## Assignment
Write the listing below again, word for word.
/---
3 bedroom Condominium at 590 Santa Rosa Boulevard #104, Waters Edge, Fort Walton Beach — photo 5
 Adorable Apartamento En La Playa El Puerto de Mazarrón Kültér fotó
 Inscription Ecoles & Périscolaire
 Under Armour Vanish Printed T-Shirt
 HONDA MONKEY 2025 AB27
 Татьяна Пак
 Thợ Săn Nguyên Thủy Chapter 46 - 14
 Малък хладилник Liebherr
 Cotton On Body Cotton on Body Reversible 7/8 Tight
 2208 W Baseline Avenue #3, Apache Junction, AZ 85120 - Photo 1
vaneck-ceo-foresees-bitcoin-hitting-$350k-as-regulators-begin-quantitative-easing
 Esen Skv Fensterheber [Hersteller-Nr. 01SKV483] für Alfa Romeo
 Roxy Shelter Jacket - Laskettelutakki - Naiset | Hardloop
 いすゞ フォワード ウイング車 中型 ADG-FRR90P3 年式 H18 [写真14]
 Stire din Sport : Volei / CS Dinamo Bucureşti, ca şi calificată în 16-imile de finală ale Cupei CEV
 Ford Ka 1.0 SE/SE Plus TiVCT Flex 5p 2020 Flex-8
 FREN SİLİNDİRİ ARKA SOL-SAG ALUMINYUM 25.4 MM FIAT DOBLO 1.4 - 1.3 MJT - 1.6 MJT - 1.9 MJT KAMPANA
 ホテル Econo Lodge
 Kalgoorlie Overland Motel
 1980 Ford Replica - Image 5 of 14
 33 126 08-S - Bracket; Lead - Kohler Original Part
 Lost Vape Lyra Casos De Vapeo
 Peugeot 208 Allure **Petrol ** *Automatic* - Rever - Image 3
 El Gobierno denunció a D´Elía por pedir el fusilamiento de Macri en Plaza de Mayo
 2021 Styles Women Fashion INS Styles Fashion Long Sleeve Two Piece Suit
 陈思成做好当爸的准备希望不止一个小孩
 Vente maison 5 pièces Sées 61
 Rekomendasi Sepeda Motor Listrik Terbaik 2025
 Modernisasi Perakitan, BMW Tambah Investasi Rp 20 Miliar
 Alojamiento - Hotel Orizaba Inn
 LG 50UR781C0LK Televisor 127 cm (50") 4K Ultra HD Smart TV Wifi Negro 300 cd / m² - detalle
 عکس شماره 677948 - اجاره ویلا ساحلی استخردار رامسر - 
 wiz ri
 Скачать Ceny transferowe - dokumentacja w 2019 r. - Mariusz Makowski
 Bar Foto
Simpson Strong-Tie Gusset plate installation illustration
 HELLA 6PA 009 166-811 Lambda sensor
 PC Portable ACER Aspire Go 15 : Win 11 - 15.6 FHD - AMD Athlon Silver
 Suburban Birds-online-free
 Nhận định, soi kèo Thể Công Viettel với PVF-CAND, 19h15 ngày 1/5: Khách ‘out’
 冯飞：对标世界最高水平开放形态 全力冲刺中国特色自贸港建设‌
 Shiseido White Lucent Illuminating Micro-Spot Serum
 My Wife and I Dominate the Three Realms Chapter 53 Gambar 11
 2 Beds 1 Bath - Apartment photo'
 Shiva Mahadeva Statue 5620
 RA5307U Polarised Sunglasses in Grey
\---
## Solution for this problem
3 bedroom Condominium at 590 Santa Rosa Boulevard #104, Waters Edge, Fort Walton Beach — photo 5
 Adorable Apartamento En La Playa El Puerto de Mazarrón Kültér fotó
 Inscription Ecoles & Périscolaire
 Under Armour Vanish Printed T-Shirt
 HONDA MONKEY 2025 AB27
 Татьяна Пак
 Thợ Săn Nguyên Thủy Chapter 46 - 14
 Малък хладилник Liebherr
 Cotton On Body Cotton on Body Reversible 7/8 Tight
 2208 W Baseline Avenue #3, Apache Junction, AZ 85120 - Photo 1
vaneck-ceo-foresees-bitcoin-hitting-$350k-as-regulators-begin-quantitative-easing
 Esen Skv Fensterheber [Hersteller-Nr. 01SKV483] für Alfa Romeo
 Roxy Shelter Jacket - Laskettelutakki - Naiset | Hardloop
 いすゞ フォワード ウイング車 中型 ADG-FRR90P3 年式 H18 [写真14]
 Stire din Sport : Volei / CS Dinamo Bucureşti, ca şi calificată în 16-imile de finală ale Cupei CEV
 Ford Ka 1.0 SE/SE Plus TiVCT Flex 5p 2020 Flex-8
 FREN SİLİNDİRİ ARKA SOL-SAG ALUMINYUM 25.4 MM FIAT DOBLO 1.4 - 1.3 MJT - 1.6 MJT - 1.9 MJT KAMPANA
 ホテル Econo Lodge
 Kalgoorlie Overland Motel
 1980 Ford Replica - Image 5 of 14
 33 126 08-S - Bracket; Lead - Kohler Original Part
 Lost Vape Lyra Casos De Vapeo
 Peugeot 208 Allure **Petrol ** *Automatic* - Rever - Image 3
 El Gobierno denunció a D´Elía por pedir el fusilamiento de Macri en Plaza de Mayo
 2021 Styles Women Fashion INS Styles Fashion Long Sleeve Two Piece Suit
 陈思成做好当爸的准备希望不止一个小孩
 Vente maison 5 pièces Sées 61
 Rekomendasi Sepeda Motor Listrik Terbaik 2025
 Modernisasi Perakitan, BMW Tambah Investasi Rp 20 Miliar
 Alojamiento - Hotel Orizaba Inn
 LG 50UR781C0LK Televisor 127 cm (50") 4K Ultra HD Smart TV Wifi Negro 300 cd / m² - detalle
 عکس شماره 677948 - اجاره ویلا ساحلی استخردار رامسر - 
 wiz ri
 Скачать Ceny transferowe - dokumentacja w 2019 r. - Mariusz Makowski
 Bar Foto
Simpson Strong-Tie Gusset plate installation illustration
 HELLA 6PA 009 166-811 Lambda sensor
 PC Portable ACER Aspire Go 15 : Win 11 - 15.6 FHD - AMD Athlon Silver
 Suburban Birds-online-free
 Nhận định, soi kèo Thể Công Viettel với PVF-CAND, 19h15 ngày 1/5: Khách ‘out’
 冯飞：对标世界最高水平开放形态 全力冲刺中国特色自贸港建设‌
 Shiseido White Lucent Illuminating Micro-Spot Serum
 My Wife and I Dominate the Three Realms Chapter 53 Gambar 11
 2 Beds 1 Bath - Apartment photo'
 Shiva Mahadeva Statue 5620
 RA5307U Polarised Sunglasses in Grey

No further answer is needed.